Hold agencies accountable. Government agencies should be held to the same security and privacy standards as the private sector and, importantly, be accountable for following those standards. Only entities that have a proven record of implementing and maintaining strong security and privacy controls should be allowed to hold such gigantic repositories of sensitive and privacy-impacting data. So far, the NSA has not demonstrated accountability for the data it has collected. And lawmakers show little desire to implement security and privacy controls that may get in their way of reaching as much data as possible in the name of national security.
Regulators hold your agencies accountable; those of us in the private sector must insist on the same from them.
Private sector businesses also need to be responsible and accountable for implementing and maintaining strong and effective information security and privacy controls. They should also know and be in compliance with applicable data protection laws, regulations and other legal requirements.
Examine data retention policies.
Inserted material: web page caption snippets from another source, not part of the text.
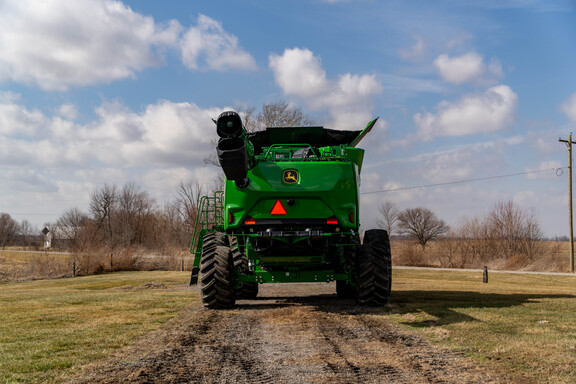 Used 2025 John Deere S7 800 Combines at Koenig Equipment in Greensburg, IN - Photo3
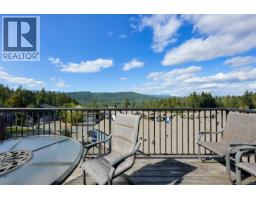 1069 Fitzgerald Rd, Shawnigan Lake, BC V8H2H8 Photo 15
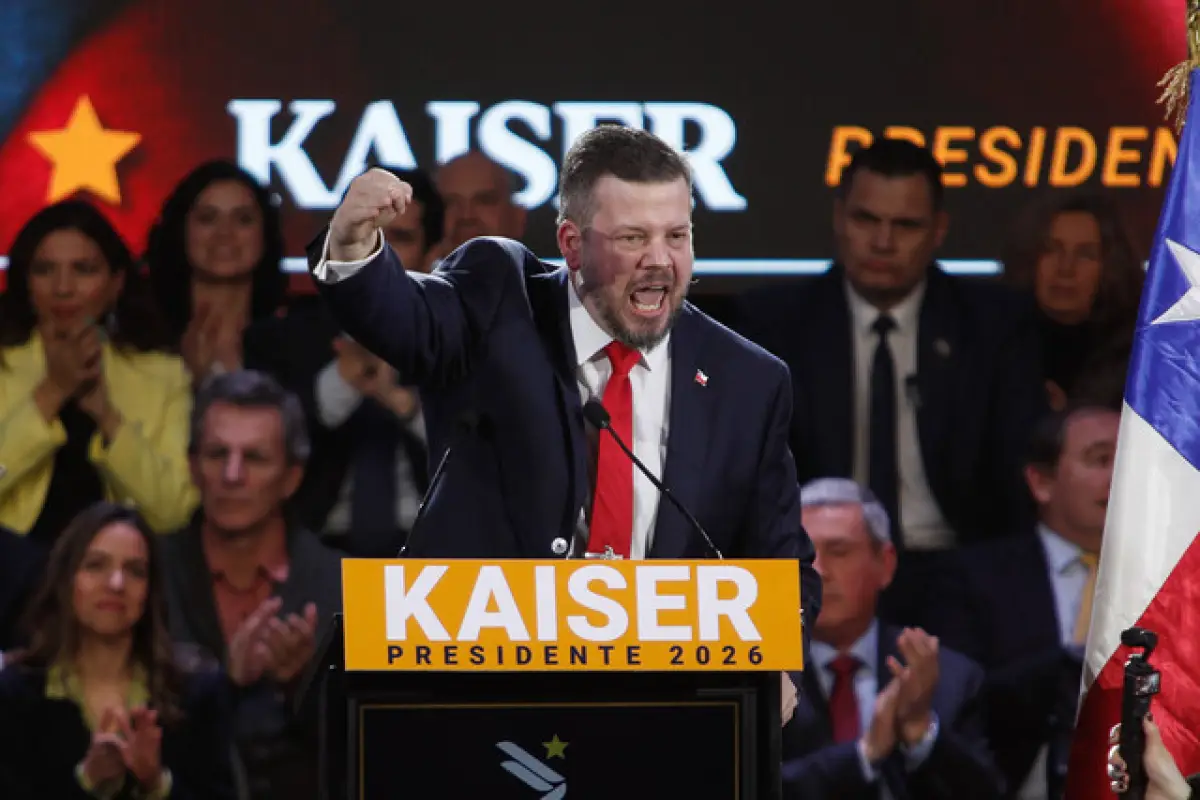 Johannes Kaiser entonó la tercera estrofa del himno, Redes sociales | X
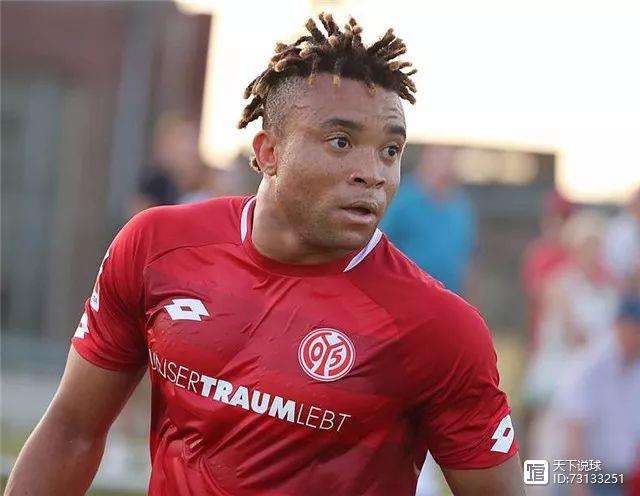 圣埃蒂安再胜一仗，保持稳定领先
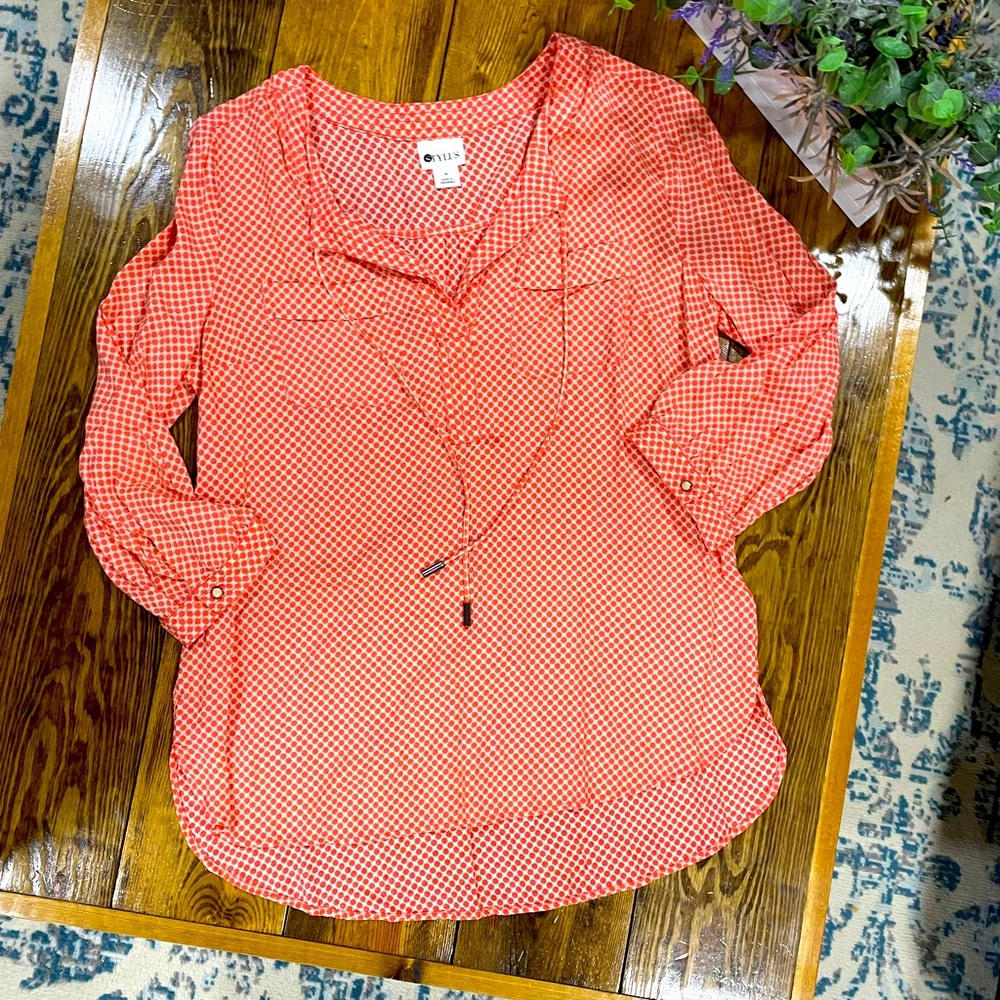 Coral top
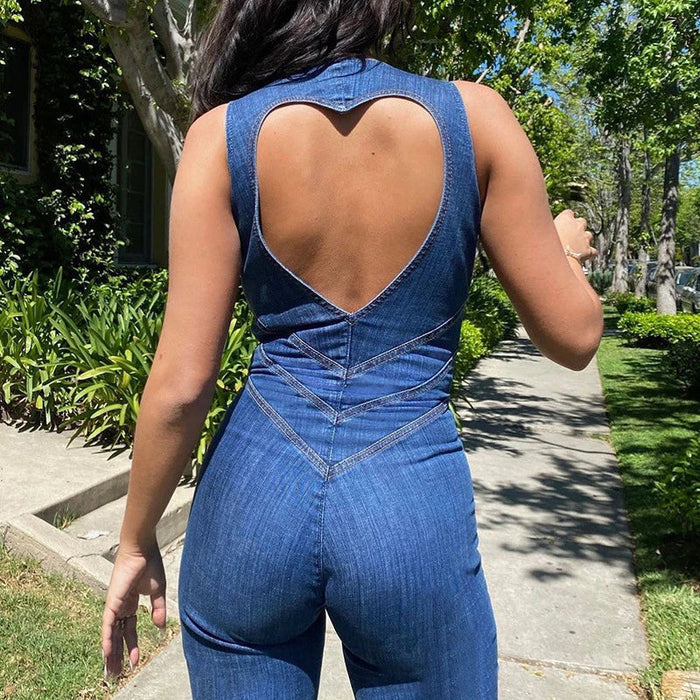 Jumpsuit en denim ajusté avec dos ouvert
Another issue that has not been addressed through these surveillance programs is data retention. The programs suck up all the data possible and then keep it forever. The amount of data the NSA has on U.S. residents could be used to create detailed biographies of nearly every person in the U.S. This is a dangerous position for an organization without the proper security measures in place. Unfortunately, hundreds of millions of personal data records have been compromised in recent years due to vulnerabilities at the NSA and its associated vendors.
Private sector businesses with similar stores of data must perform regular information security and privacy assessments (SIMBUS360 can help!) to ensure they are doing everything they can to protect clients and customers.
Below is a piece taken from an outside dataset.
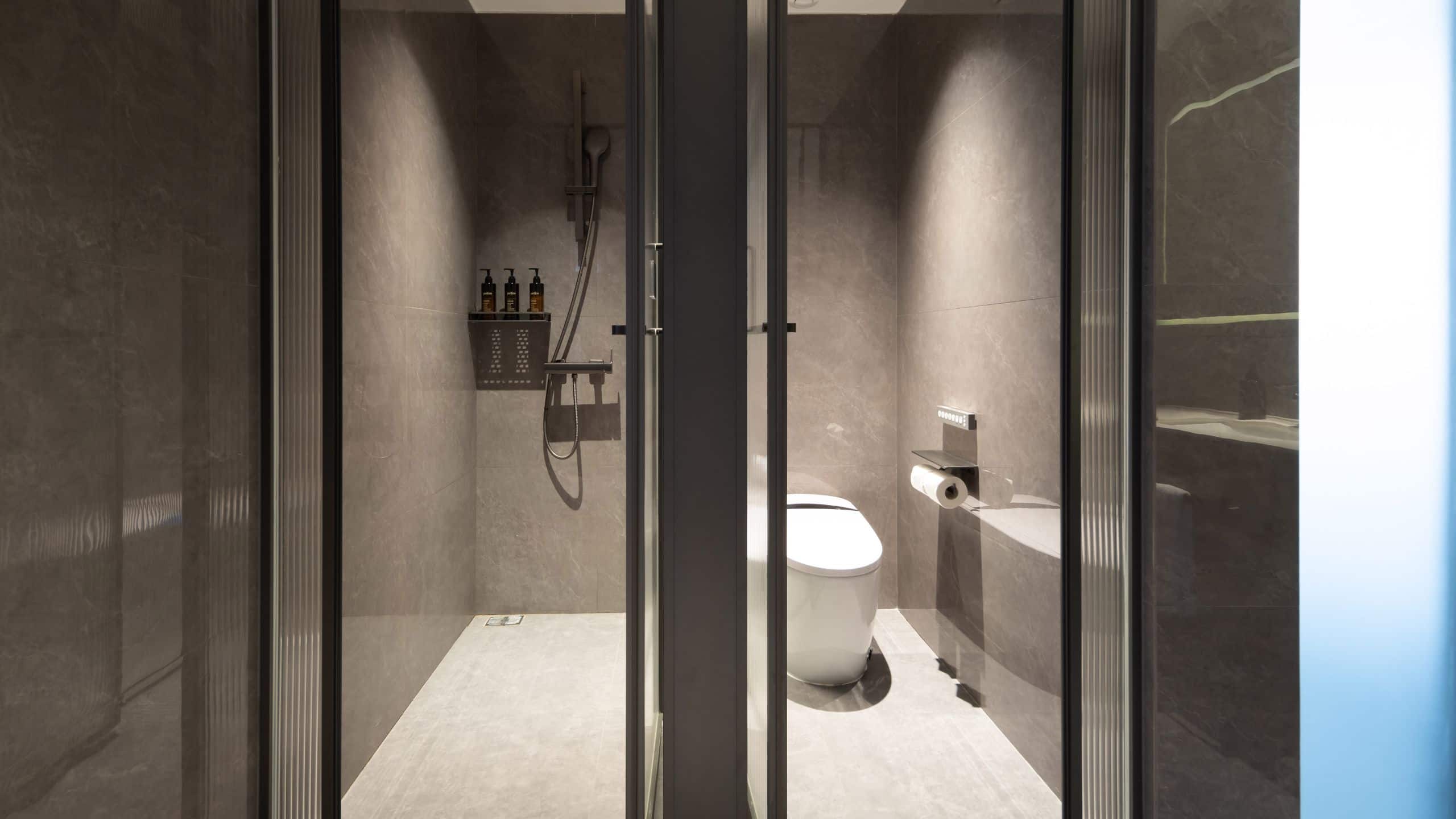 第 3，共 3 UrCove Tianjin West Railway Station Execuctive Bathroom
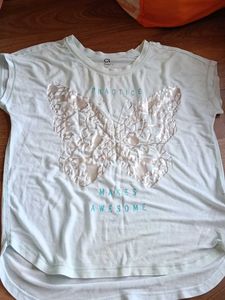 Gap Kids Dryfit Tshirt 6-7 Years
Implement strong security controls and privacy protections. The NSA has not demonstrated these capabilities to date. Furthermore, the majority of government lawmakers have long enabled the NSA’s lack of security and privacy controls. An objective, validated and non-partisan entity with ongoing audit oversight would be best to provide the security protections required.
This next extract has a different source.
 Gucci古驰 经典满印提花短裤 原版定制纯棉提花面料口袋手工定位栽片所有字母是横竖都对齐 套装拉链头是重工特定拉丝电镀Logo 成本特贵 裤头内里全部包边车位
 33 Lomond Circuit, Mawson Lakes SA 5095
Similarly, businesses and other organizations should consider working with neutral third parties to affirm they are following all required compliance statutes, as well as thinking through how their evolving technologies, systems and business models may be opening their firms up to new threats. Certainly, such organizations can do their own ongoing assessments internally, but bringing in objective third parties to do assessments every now and then (at least once every year or two, and when significant operational changes occur) allows for a different perspective. Objective eyes often find things missed by those in the environment each day.
Indeed, when it comes to personal privacy and national security, we need to change it from an “either/or” conversation to an “and” conversation. While the NSA and your average law firm, accounting practice or health care provider may not have the same objectives, they do have much in common. Today’s growth-minded businesses understand data is a powerful currency, and will only increase in value as time goes on. As they are collecting, analyzing, storing and sharing data, there must be just as much strategy applied to protecting data.